LumenEye – Our LumenEye
product provides an “out of the box” solution designed for a low skill level
user to setup and acquire images from an FPD panel. It is targeted at
manufacturers of FPD products who need to inspect for inherent Image Retention
(“Image Sticking”) defects in their displays prior to shipment. The
software provided with LumenEye will perform an evaluation of the panel based on
the acquired images to VESA 305-2 specification. Integral Vision can
also provide the customer unique Image Retention analysis as part of its
software offering. Custom panel evaluation software is also available
to meet the FPD manufacturer customer test pattern requirements.
IVSee – Our IVSee provides FPD
inspection for applications which still require manual
handling. IVSee is designed for the detection of functional and
cosmetic defects in LCOS, OLED, MEMS, 3LCD/HTPS, LCD and other emerging display
technologies. IVSee is configured to be integrated into existing
manual inspection stations allowing them to receive the benefits of computer
aided optical inspection without the need to modify the manufacturing process to
automate handling of the display. The operator’s interface provides
essential views of results, images, and statistics for production floor
personnel.
3
Marketing
and Sales
We
generally market our vision products to end users, but we have had success
integrating our products with OEM’s in certain
circumstances. Although sales are made worldwide, our strongest
presence is maintained in the US (through Company employees), and in Asia and
Europe (through sales representatives).
Competition
Presently,
most final inspection of small flat panel displays is manual. Higher
resolution, increased brightness, and increased contrast in newer versions of
the displays are stretching human capabilities to do the inspections. Automated
inspection offers a good return on investment as it uses less clean room space,
requires fewer fixtures and hardware because of a faster cycle time, and reduces
the labor required for inspection.
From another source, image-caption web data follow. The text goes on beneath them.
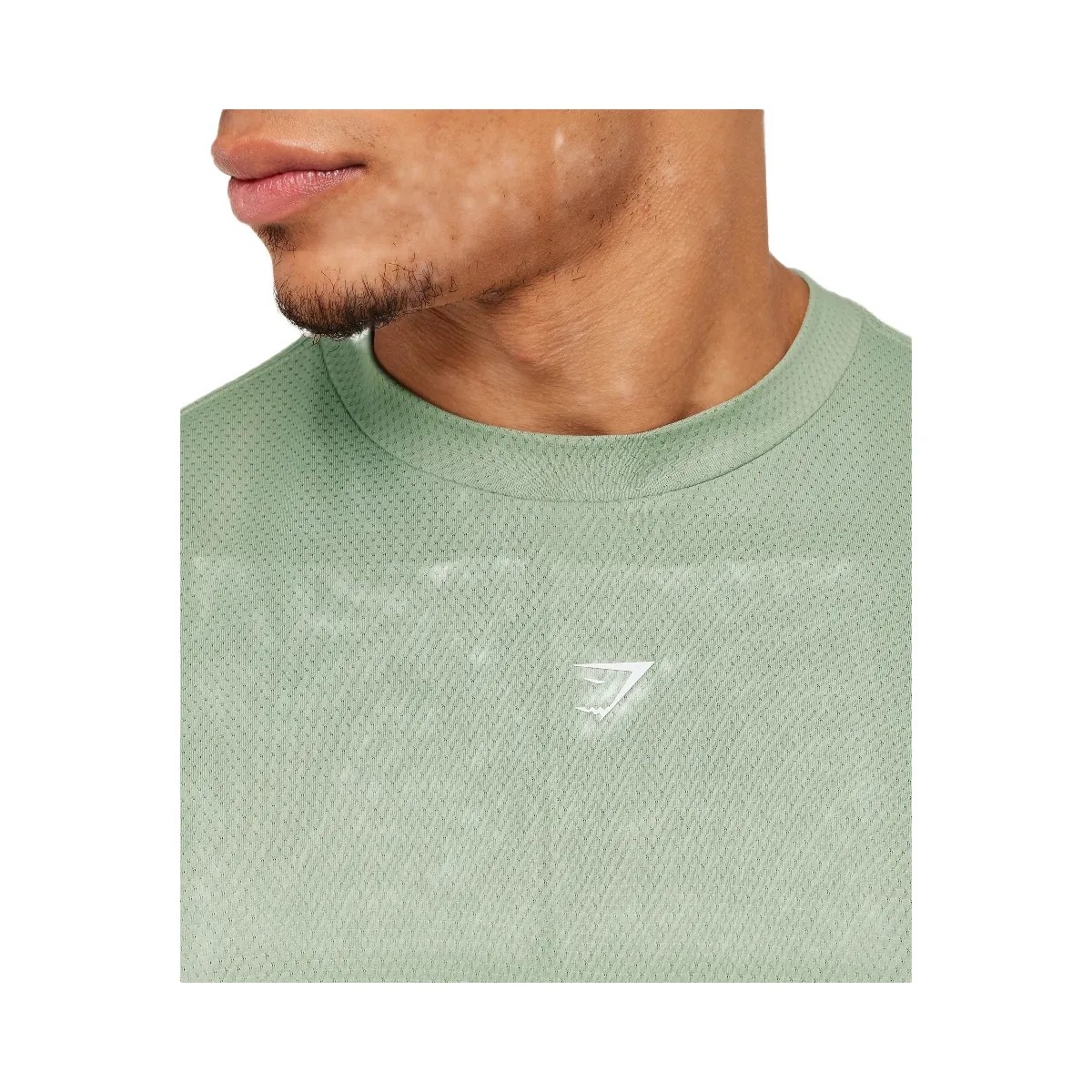 Gymshark Running Graphic T-Shirt "GS Haze Green" - HypeFly India View 5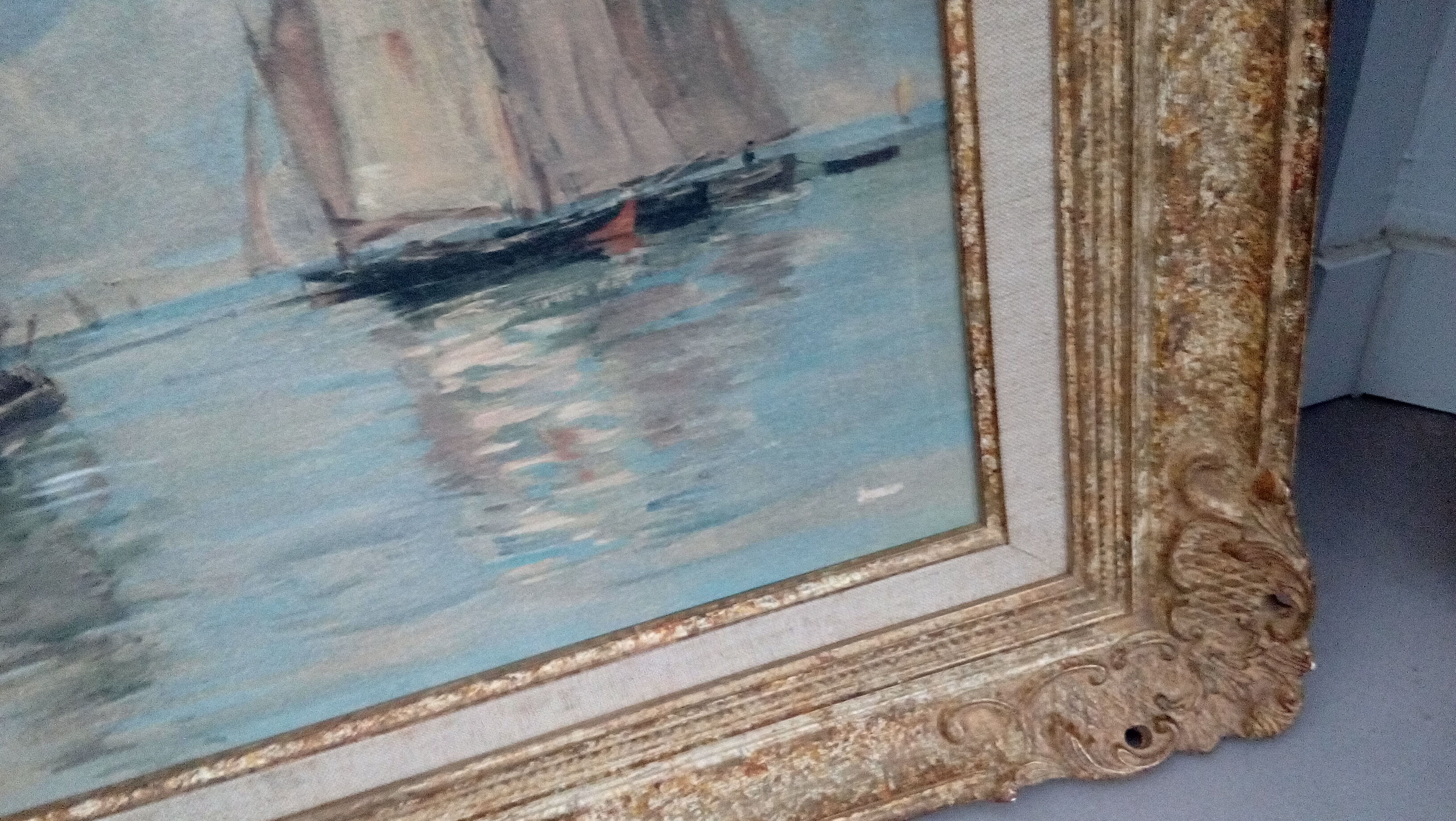 Marine lithograph reproduction table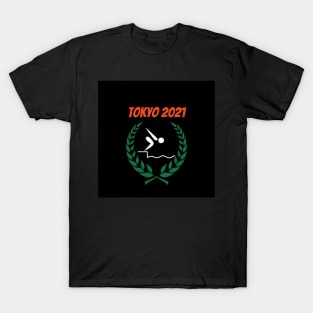 Swimming Tokyo 2021 Olympics T-Shirt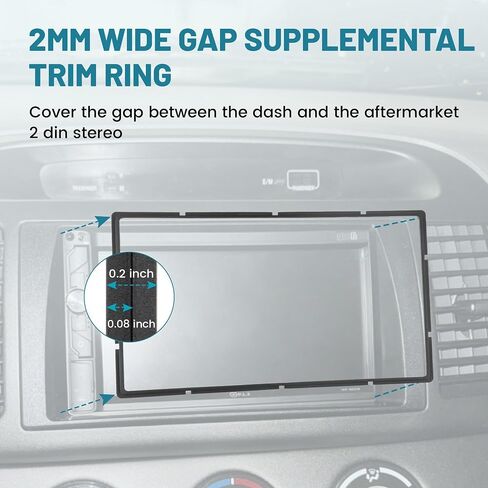 NuIth Double DIN مجموعة أدوات تثبيت راديو ما بعد البيع لسيارة Toyota Camry 2002-2006 بدون نظام ملاحة راديو داش ستيريو تركيب تركيب مجموعات دعامة الحافة (مجموعة أجهزة القياس + سلك) in Saudi Arabia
Competition for machine vision
based microdisplay and small flat panel display inspection comes primarily from
Westar Display Technologies, Inc.
Production
and Suppliers
Our
production process is principally the assembling of standard electrical,
electronic and optical components and hardware subassemblies purchased from
suppliers into finished products. We generally do not rely on a
single source for parts or subassemblies, although certain components and
subassemblies included in our products may only be available from a limited
number of suppliers. Management believes alternative sources or
designs could be developed for any of the components used in its products
thereby mitigating any exposure to product interruption from shortages of parts
or limited suppliers.
Major
Customers
The
nature of our product offerings may produce sales to one or a limited number of
customers in excess of 10% of total net sales in any one year. It is
possible that the specific customers reaching this threshold may change from
year to year. Loss of any one of these customers could have a
material impact on our results of operations. For 2008, sales to Plastic Logic
GmbH and Qualcomm MEMS Technologies represented 51% and 37% of net sales,
respectively. Approximately $4,000 was due from two of these customers at
December 31, 2008. For 2007, sales to Qualcomm MEMS Technologies,
Samsung, Liquavista B.V., and Texas Instruments represented 31%, 24%, 14% and
10% of net sales, respectively. Approximately $50,000 was due from
two of these customers at December 31, 2007.
Intellectual
Property
Management
believes that the technology incorporated in its products gives it advantages
over its competitors and prospective competitors. Protection of
technology is attempted through a combination of patents, applied for patents,
confidentiality agreements and trade secrets. We presently have 14
U.S. patents. There can be no assurance that we will have the
resources to defend our patents or that patents we hold will be considered valid
if challenged. In addition, it is possible that some patents will be
rendered worthless as the result of technological obsolescence.
Governmental
Approvals and Regulations
We are
not subject to government approvals for any of our primary products or
services. Certain applications using laser technology require
compliance with CDRH Section 21 CFR 1040.
Product
Development
The
market for Machine Vision is characterized by rapid and continuous technological
development and product innovation. We believe that continued and
timely development of new products and enhancements to existing products is
necessary to maintain our competitive position. Accordingly, we
devote a significant portion of our personnel and financial resources to product
development programs and seek to maintain close relationships with customers to
remain responsive to their needs. During the period ended March 31,
2006 we began activity associated with a product development agreement with
Energy Conversion Devices (“ECD”) where we are compensated for a portion of our
costs for the development of online inspection for a continuous web of display
material. This best efforts subcontract with ECD proceeds from a
contract from the United States Display Consortium. Our net
engineering and product development costs amounted to $1.0 million and $1.1
million in 2008 and 2007, respectively. Our current product
development efforts are primarily directed to Flat Panel Display and Component
Inspection products.
4
Environmental
Factors
Our cost
of complying with federal, state and local provisions regulating protection of
the environment are not material.
Employees
As of
February 28, 2009 and February 29, 2008, we had 14 permanent employees, all full
time. None of our employees are represented by a labor
union.
ITEM
2. Properties
We lease
a light industrial building containing approximately 14,000 square feet at 49113
Wixom Tech Drive, Wixom, Michigan. The lease is for a five year period, which
commenced January 1, 2006. Our manufacturing, engineering and administrative
functions are performed at this location. The building is
approxmately 11 years old and is in excellent condition.
ITEM 3. Legal
Proceedings
We are
not currently involved in any litigation other than ordinary routine litigation
that is incidental to our business.
ITEM 4. Submission of
Matters to a Vote of Security Holders
None.
Part II
ITEM 5. Market for
Registrant’s Common Equity, Related Stockholder Matters and Issuer Purchases of
Equity Securities
Market
Information
Integral
Vision’s common stock is traded on the Over the Counter Bulletin Board (“OTCBB”)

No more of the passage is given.